Mais ce sont aussi des échos troublants à son roman Mes Vrais Enfants et des mots issus d’autrices contemporaines d’imaginaire (Ada Palmer, Ursula Le Guin) qui endossent aux côtés de citations bibliques et shakespeariennes une stature mythique.
Les choses se compliquent quand sa muse n’est plus le seul de ses personnages fictifs à vouloir influer sur le cours du récit…
Récits emboîtés où se succèdent le merveilleux et le trivial, le réalisme et le conte, Jo Walton nous livre les événements qui se déroulent dans « la caverne d’os » – là où naissent les histoires.
Réflexion sur le déroulé narratif et comment il diffère du cours des événements (dans la vraie vie, plein d’histoires ne servent à rien), comment il informe notre perception du monde (« ces domestiques […], des femmes qui n’apparaissent jamais dans les livres d’histoire ou dans les romans qu’elle publie ; la preuve, nous n’en avons croisé aucune pour l’instant »).

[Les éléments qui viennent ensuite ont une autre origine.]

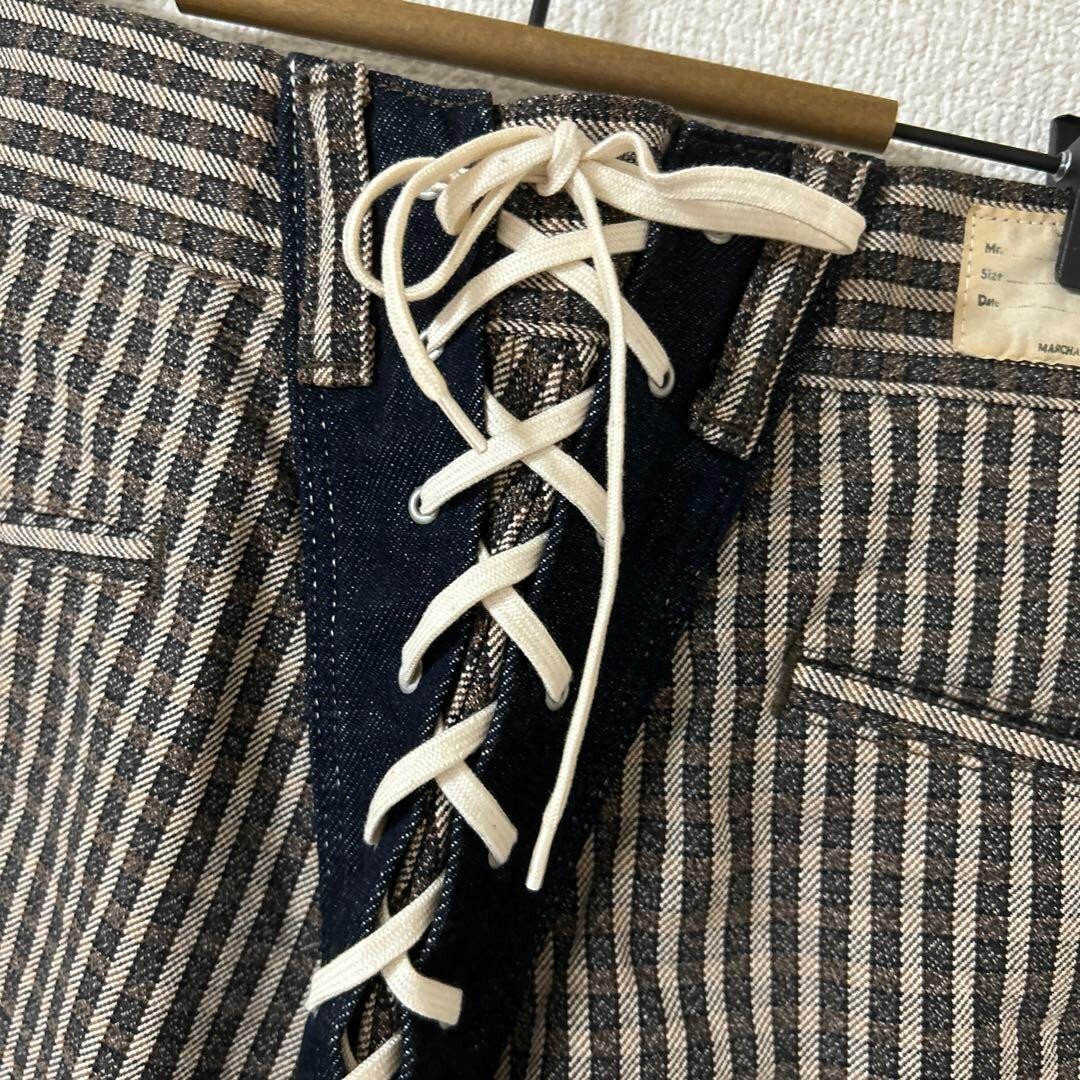 Kapital Size 2 Cotton Back Lace-up Pants Gray From JAPAN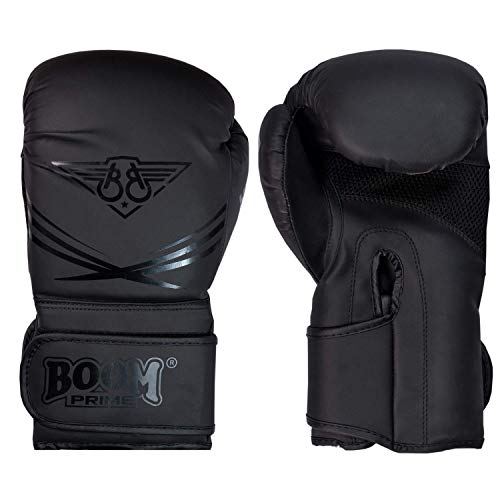 BOOM-Prime-Guantes-de-Boxeo-para-Hombre-y-Mujer-Color-Negro-Mate-10oz-12oz-14oz-16oz-Guantes-de-Entrenamiento-de-Boxeo-para-Hombres-y-Mujeres-Kickboxing-Artes-Marciales-Muay-Thai-0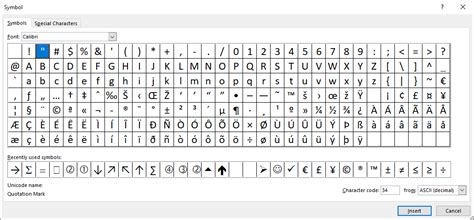 excel symbol codes list
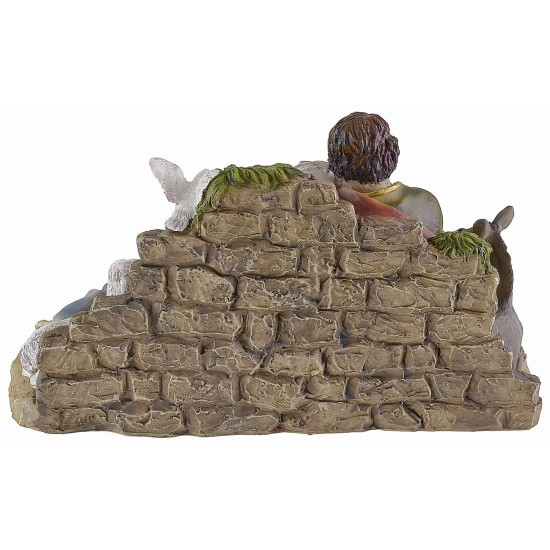 Grupo Natividad en resina con oveja y asno cm 26,5x13x17 h
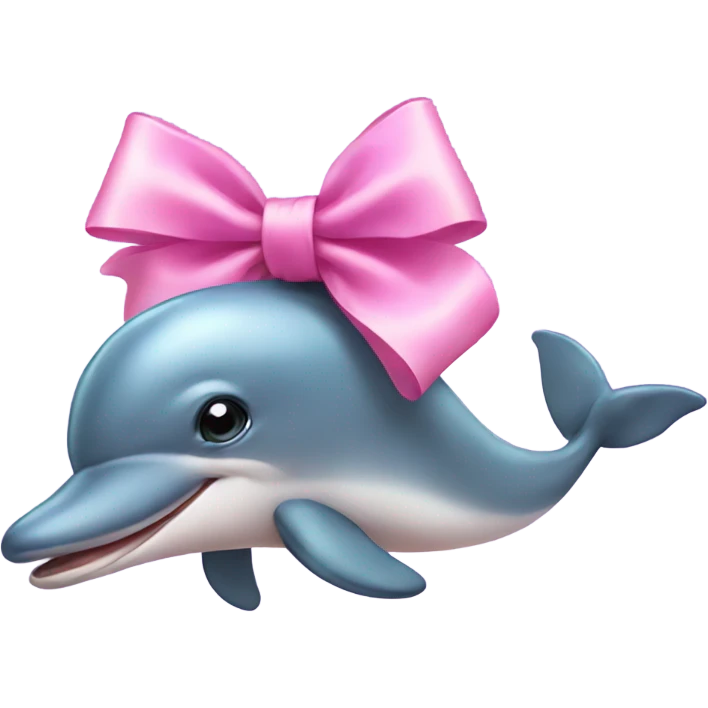 Dolphin wearing a pink bow  emoji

Comment, à partir par exemple de recherches historiques (le livre fourmille d’anecdotes sur la Florence de la Renaissance), on va créer l’histoire en mettant en valeur, plus que le savoir, l’ignorance, espace des possibles :
« C’est typique des faits historiques, ça : certains nous parviennent, d’autres pas. C’est rageant. Mais ces trous béants peuvent se révéler cruciaux : ils laissent passer la lumière qui va éclairer une nouvelle histoire dans l’espace vacant. »

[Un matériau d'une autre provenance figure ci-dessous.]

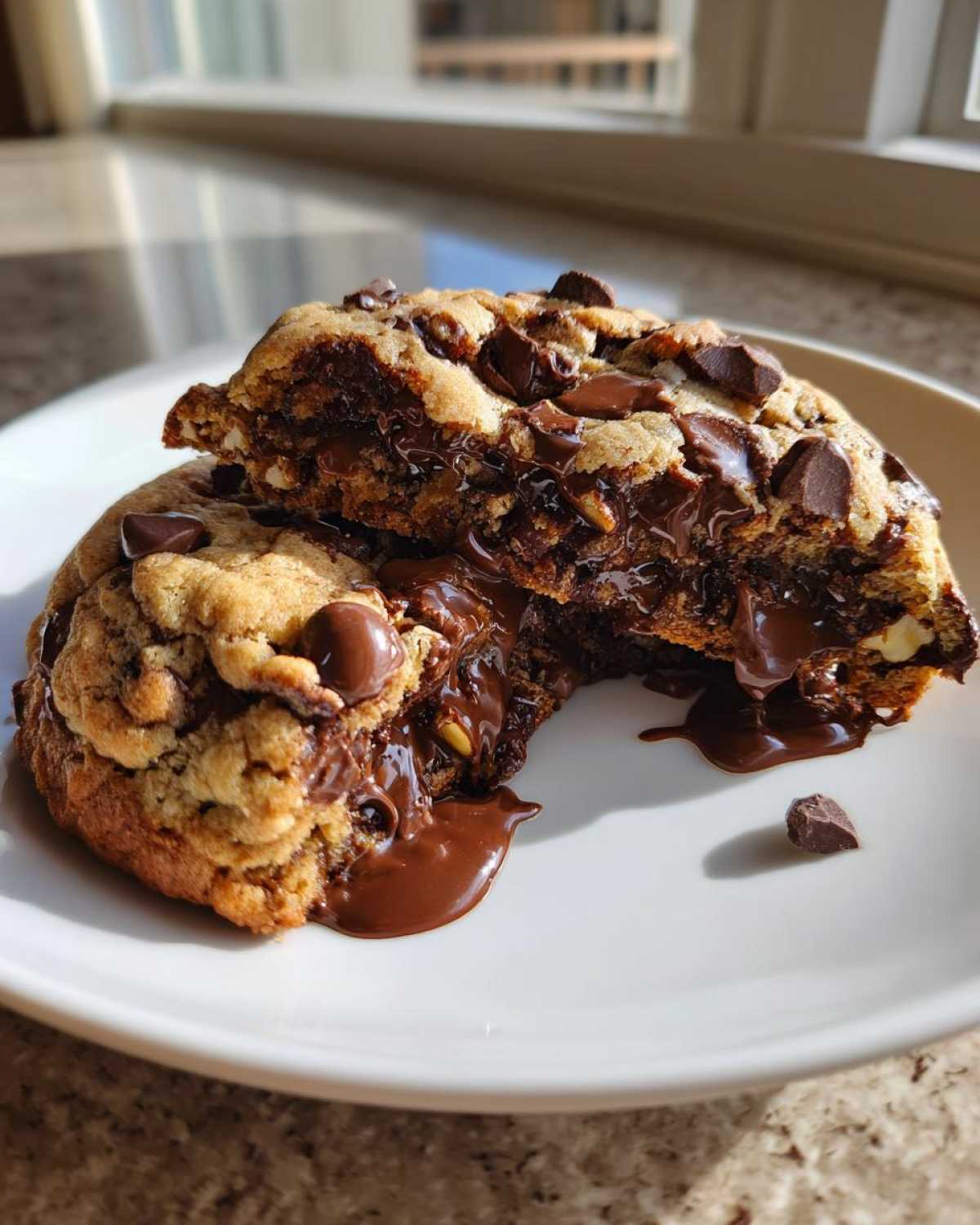 Close-up of a levain bakery chocolate chip cookie broken in half showing gooey, melted chocolate center.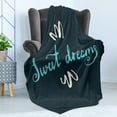 thumbnail image 4 of Saying Soft Flannel Fleece Throw Blanket, Modern Hand Drawn Style Lettering Phrase and Floral Details, Cozy Plush for Indoor and Outdoor Use, 50" x 70", Pale Blue Dark Teal, by Ambesonne, 4 of 5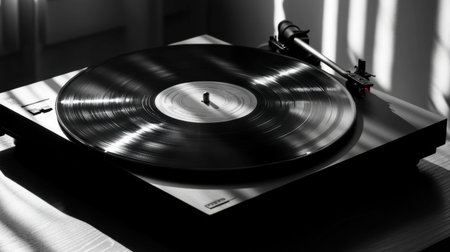 A black vinyl record spinning on a turntable, with soft light casting shadows around it.の素材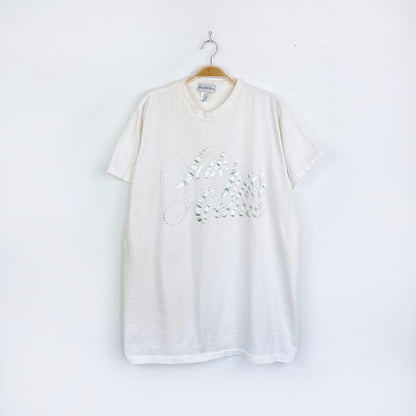 vintage saks fifth avenue metallic logo tee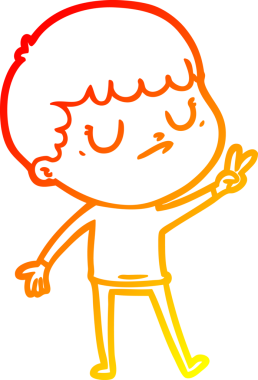 Bir insan tarafından çizilen huysuz bir çocuğun sıcak çizgi çizimi.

Les particularités et critiques du genre de la fantasy – imaginer d’autres mondes, s’échapper du nôtre – ne sont pas oubliées, et certaines réflexions rejoignent les essais à ce sujet d’Ursula Le Guin (plusieurs textes réunis dans Le Langage de la nuit sont d’ailleurs disponibles en français grâce aux éditions Les Forges de Vulcain).
En particularité, la réaffirmation d’à quel point la fantasy parle de notre monde, des tyrannies que nous ne faisons pas tomber – qu’il s’agisse de guerres internationales ou de maris violents – et des espaces des possibles qu’elle peut révéler.
À la fois roman d’imaginaire avec magie, mondes parallèles et héros, essai sur l’écriture et soupçon d’autofiction, Ou ce que vous voudrez est aussi une déclaration d’amour à la ville de Florence – et à toutes les villes de Florence de toutes les histoires – à sa lumière, ses rues, ses artistes, ses musées, ses restaurants cachés et bien sûr ses gellati.